• [Record extracts]:

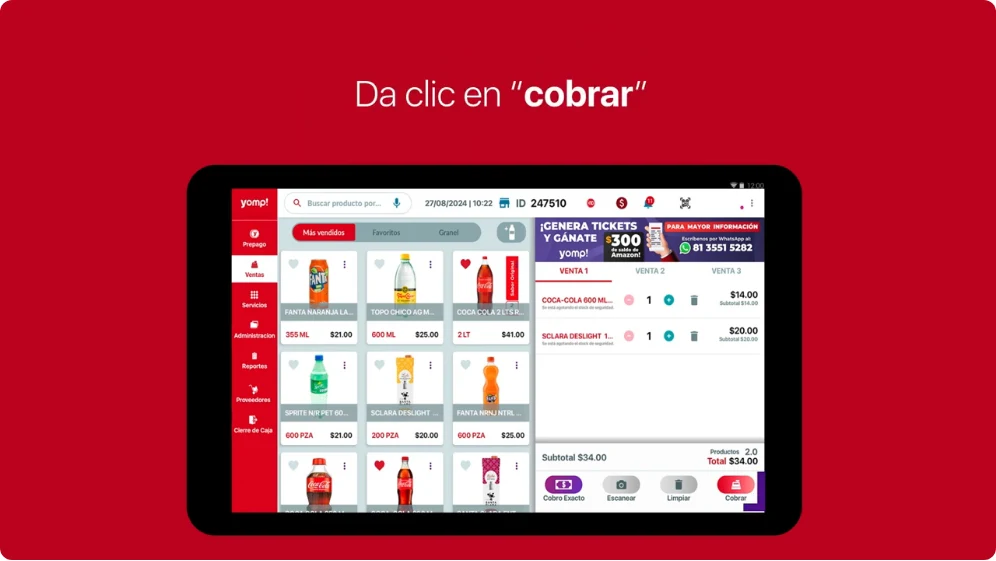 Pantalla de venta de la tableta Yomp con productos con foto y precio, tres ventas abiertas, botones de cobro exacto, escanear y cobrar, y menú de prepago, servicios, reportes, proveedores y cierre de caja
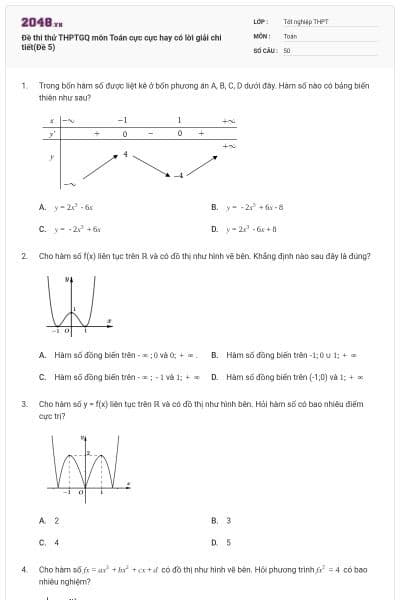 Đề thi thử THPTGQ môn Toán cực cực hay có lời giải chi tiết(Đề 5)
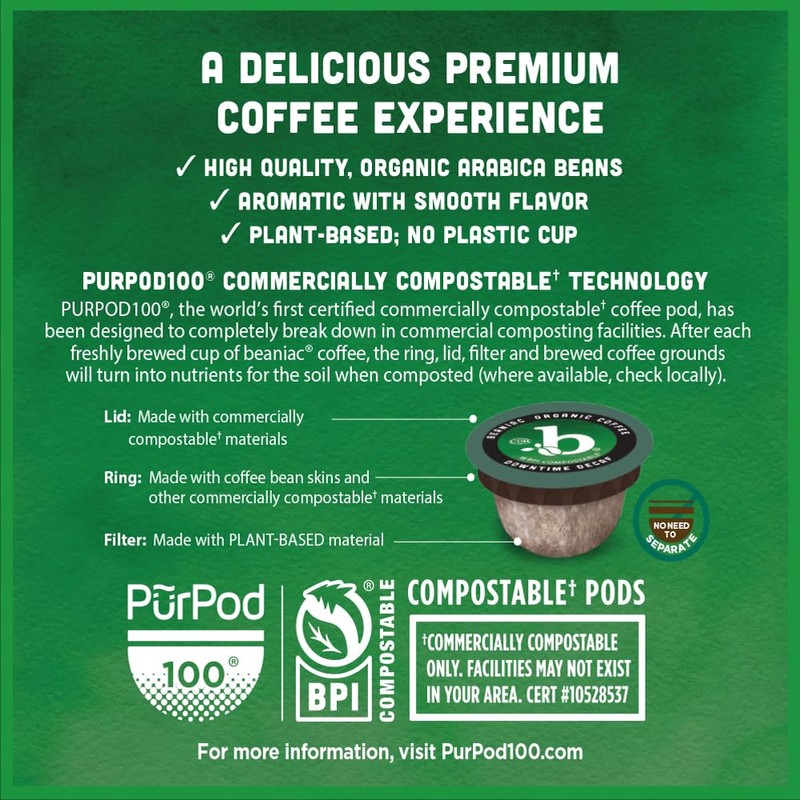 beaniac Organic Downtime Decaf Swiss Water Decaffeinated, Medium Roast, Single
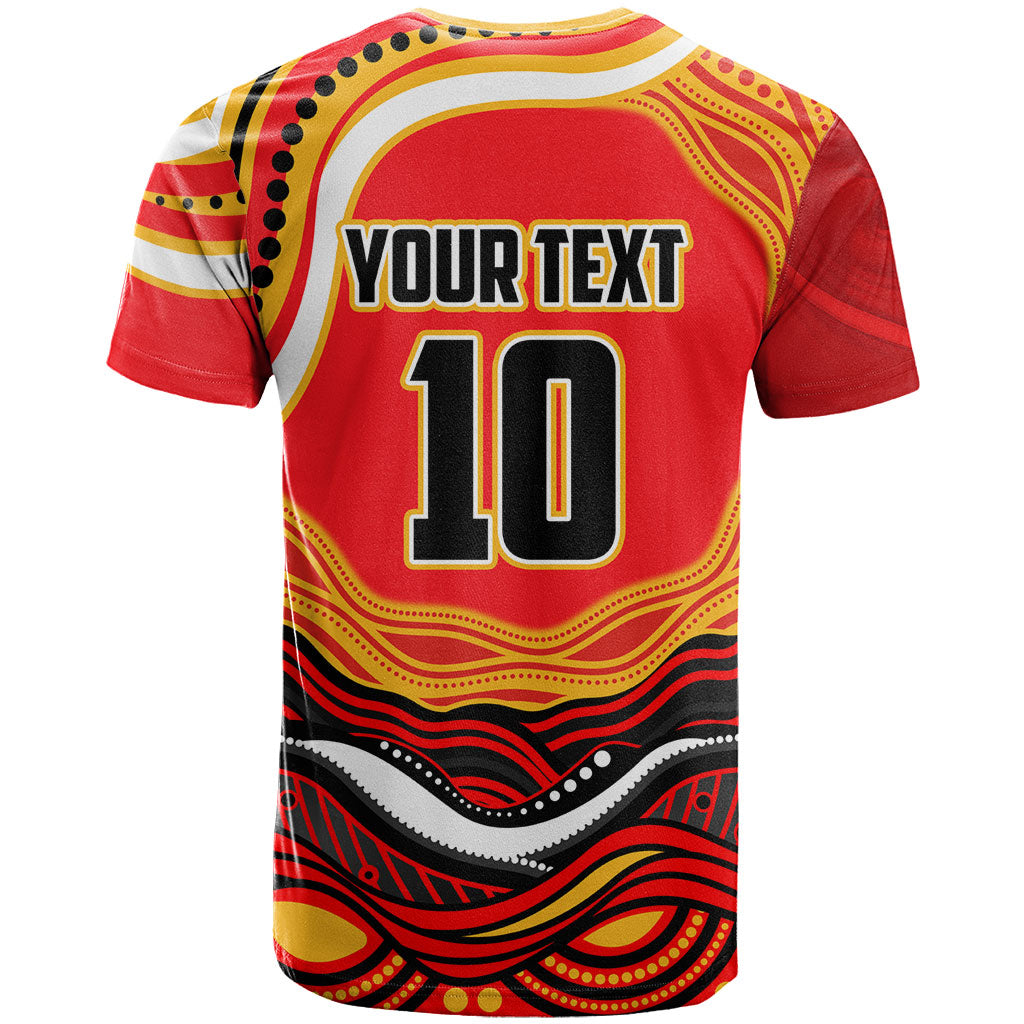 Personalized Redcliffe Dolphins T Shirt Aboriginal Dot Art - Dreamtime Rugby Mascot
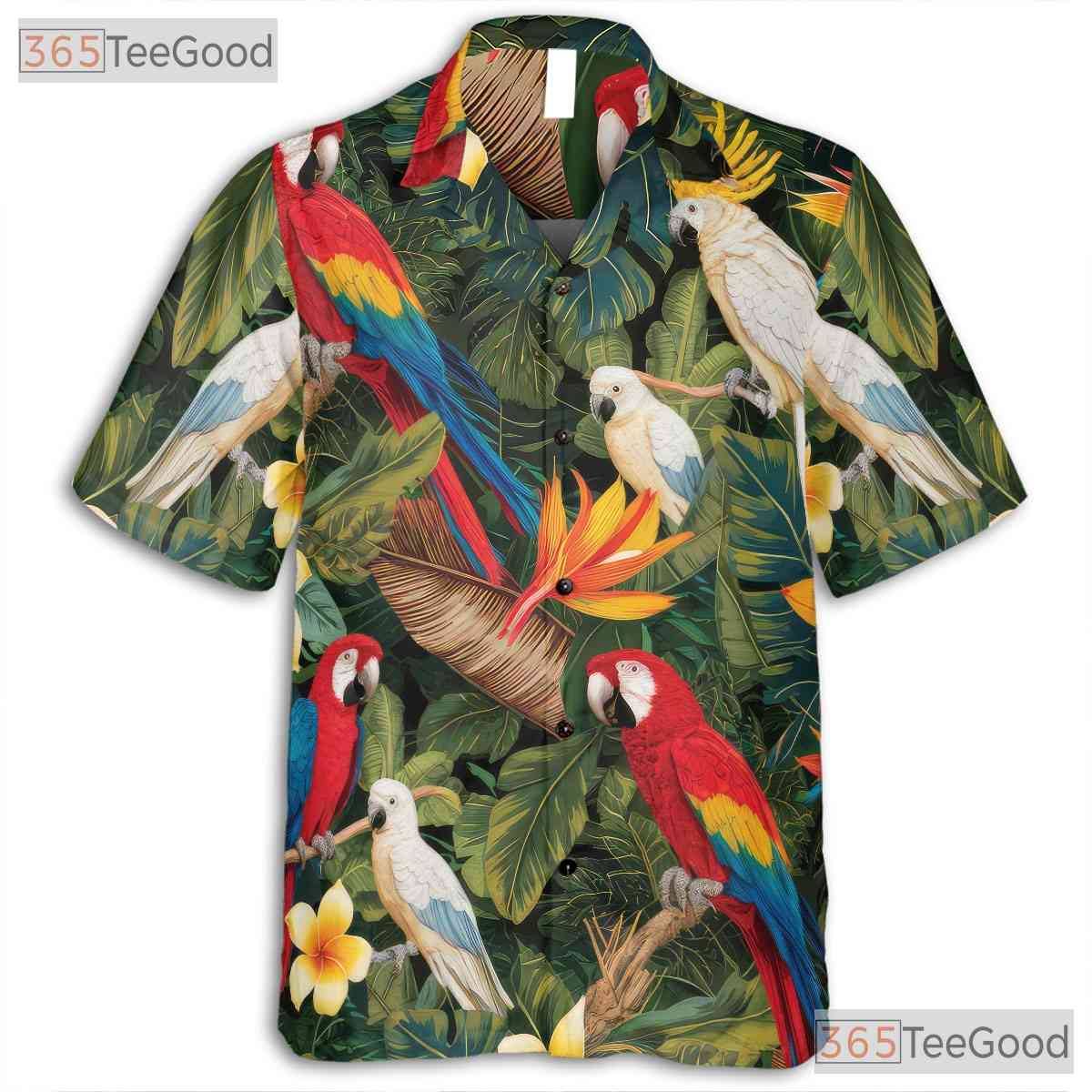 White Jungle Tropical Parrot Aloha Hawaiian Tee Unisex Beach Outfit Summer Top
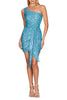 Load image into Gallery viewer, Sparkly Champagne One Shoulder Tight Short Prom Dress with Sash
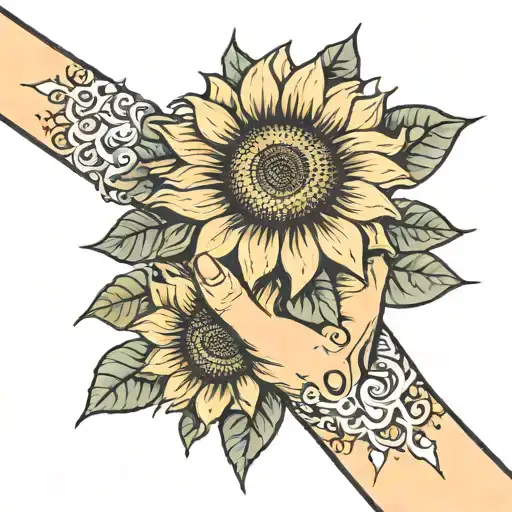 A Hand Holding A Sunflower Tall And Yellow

• [Requirement]: Omit the pictures; set down each record exactly.

• [The completed task]:
 Pantalla de venta de la tableta Yomp con productos con foto y precio, tres ventas abiertas, botones de cobro exacto, escanear y cobrar, y menú de prepago, servicios, reportes, proveedores y cierre de caja
 Đề thi thử THPTGQ môn Toán cực cực hay có lời giải chi tiết(Đề 5)
 beaniac Organic Downtime Decaf Swiss Water Decaffeinated, Medium Roast, Single
 Personalized Redcliffe Dolphins T Shirt Aboriginal Dot Art - Dreamtime Rugby Mascot
 White Jungle Tropical Parrot Aloha Hawaiian Tee Unisex Beach Outfit Summer Top
 Load image into Gallery viewer, Sparkly Champagne One Shoulder Tight Short Prom Dress with Sash
 A Hand Holding A Sunflower Tall And Yellow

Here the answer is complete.